> TASK
Copy the lines below exactly, starting at the one with "Shoeshine - The" and ending at the one with "Damesblouse met V-hals", and leave out any picture.

> DATA PROVIDED
________________

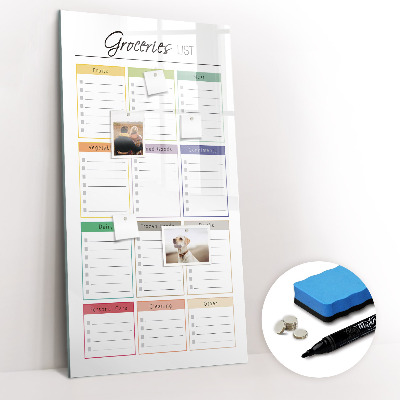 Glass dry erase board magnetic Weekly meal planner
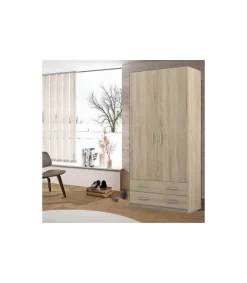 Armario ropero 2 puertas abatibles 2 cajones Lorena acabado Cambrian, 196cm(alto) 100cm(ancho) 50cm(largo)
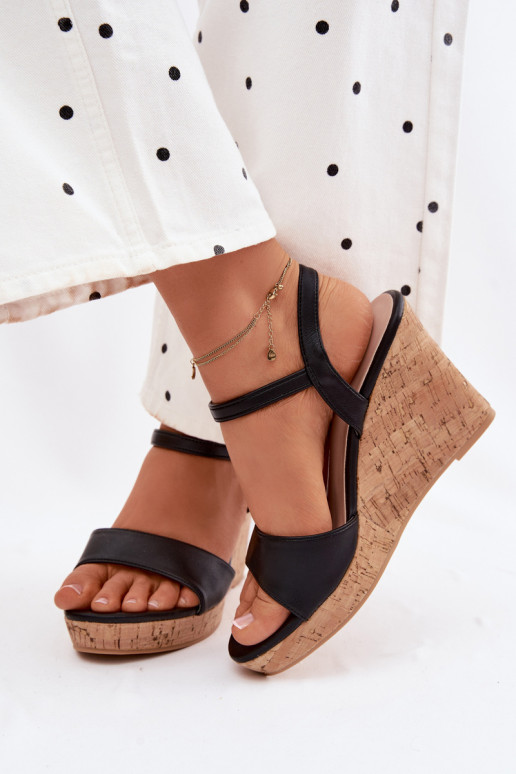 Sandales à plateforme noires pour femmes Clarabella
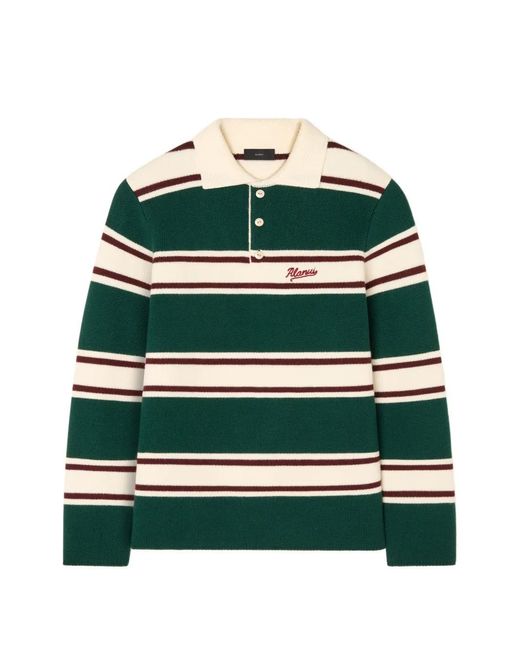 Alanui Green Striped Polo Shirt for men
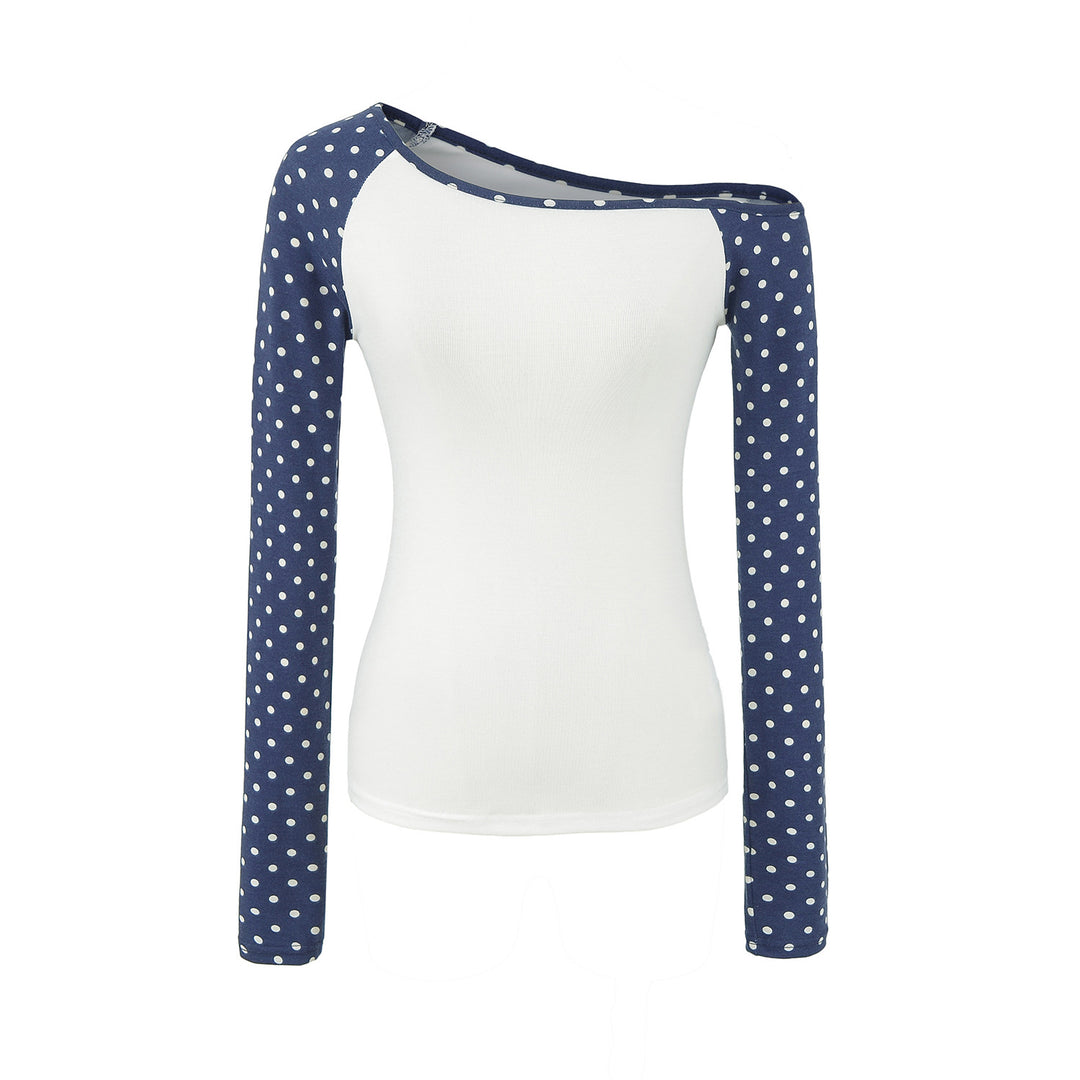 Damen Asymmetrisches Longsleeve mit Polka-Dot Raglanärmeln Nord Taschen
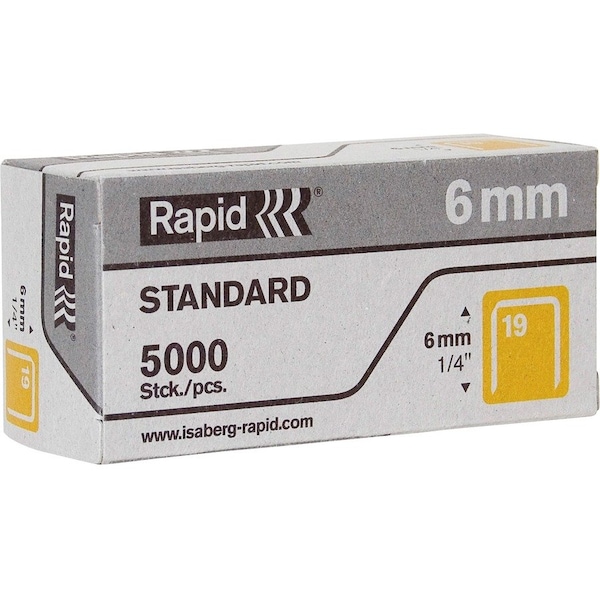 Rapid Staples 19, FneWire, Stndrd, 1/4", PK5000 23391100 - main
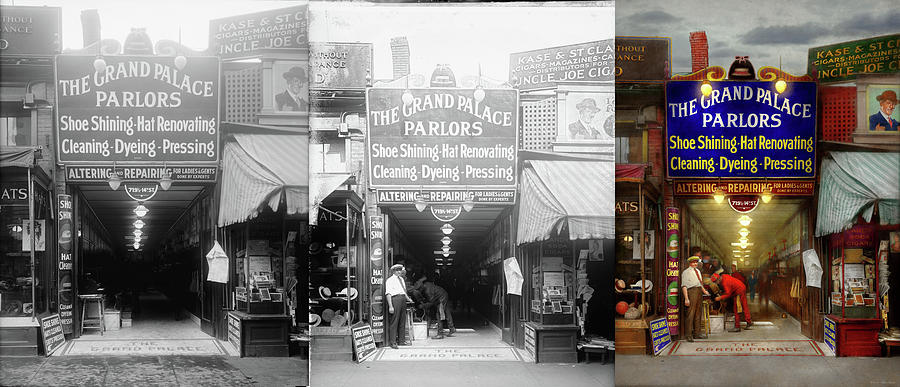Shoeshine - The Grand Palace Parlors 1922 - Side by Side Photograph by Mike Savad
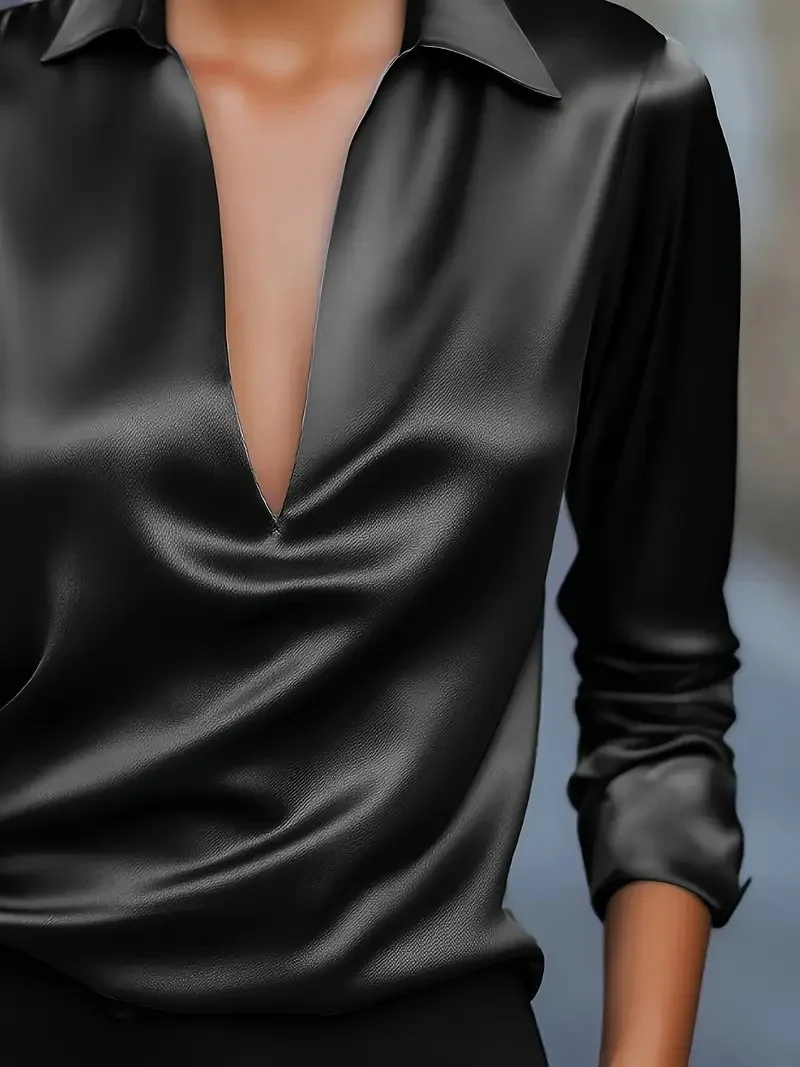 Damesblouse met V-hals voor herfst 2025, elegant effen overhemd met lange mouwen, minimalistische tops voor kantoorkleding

________________

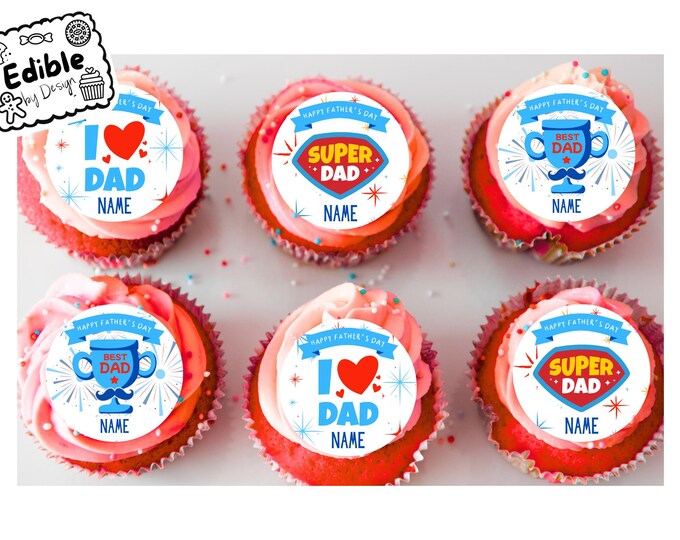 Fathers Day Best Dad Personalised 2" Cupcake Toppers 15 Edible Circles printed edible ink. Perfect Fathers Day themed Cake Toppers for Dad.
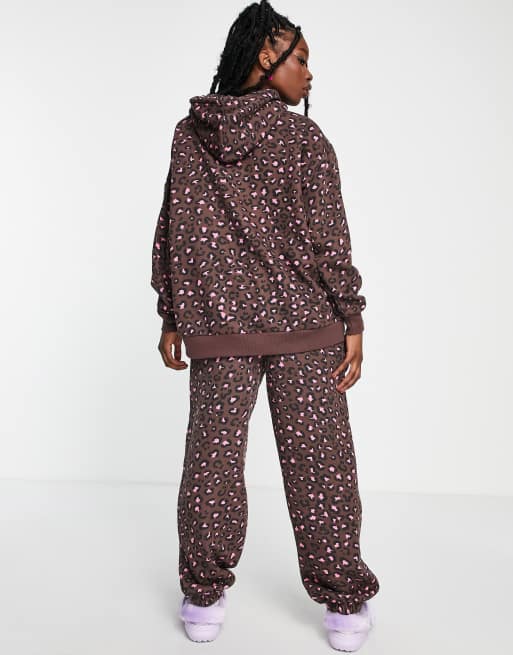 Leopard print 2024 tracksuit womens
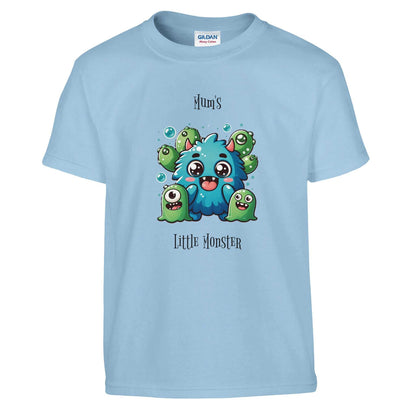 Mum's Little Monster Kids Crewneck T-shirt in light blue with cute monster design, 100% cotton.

________________

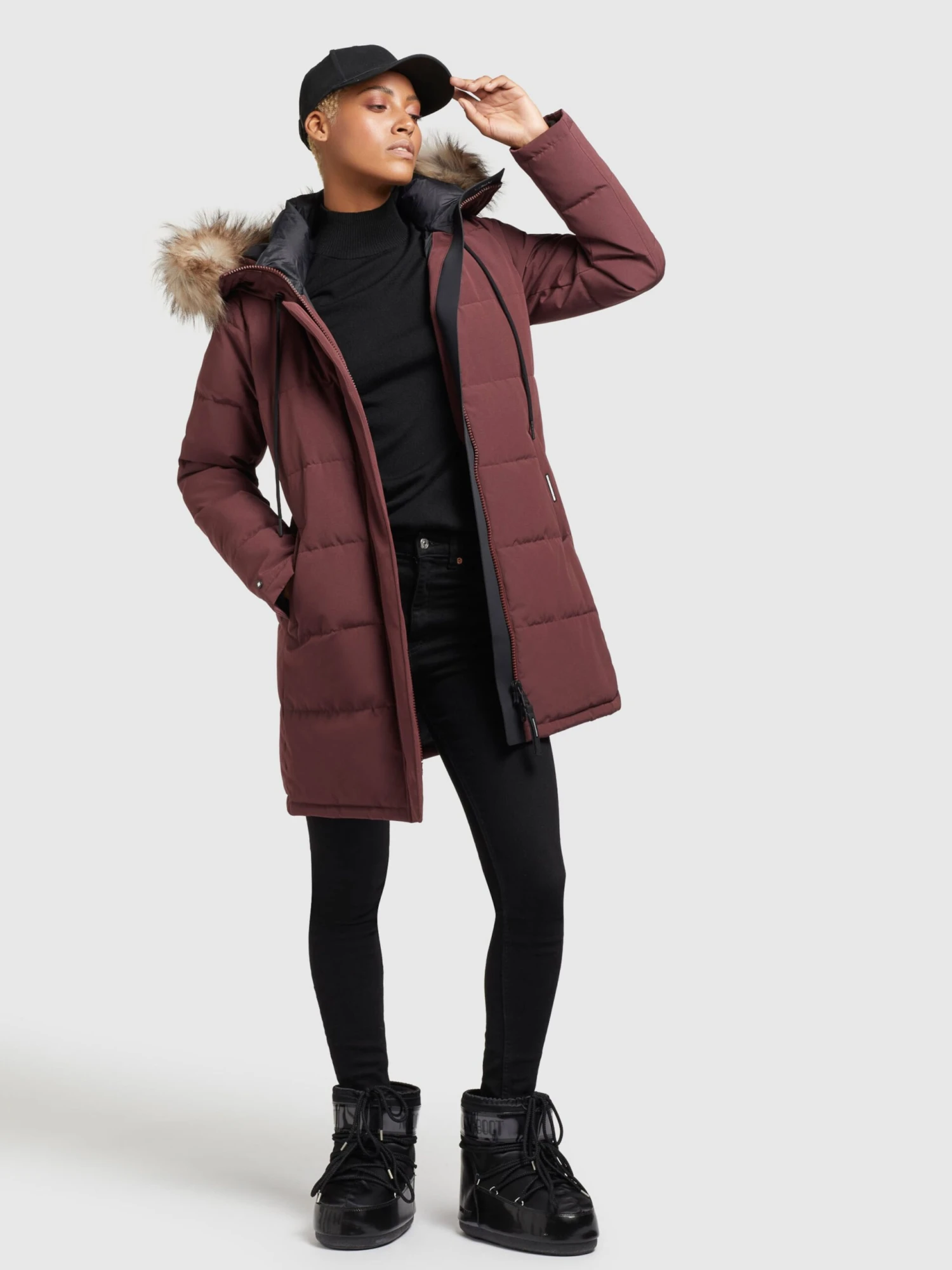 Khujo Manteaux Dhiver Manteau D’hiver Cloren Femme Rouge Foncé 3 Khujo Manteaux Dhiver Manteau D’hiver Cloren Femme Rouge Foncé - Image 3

________________

> RESPONSE AREA
Shoeshine - The Grand Palace Parlors 1922 - Side by Side Photograph by Mike Savad
 Damesblouse met V-hals voor herfst 2025, elegant effen overhemd met lange mouwen, minimalistische tops voor kantoorkleding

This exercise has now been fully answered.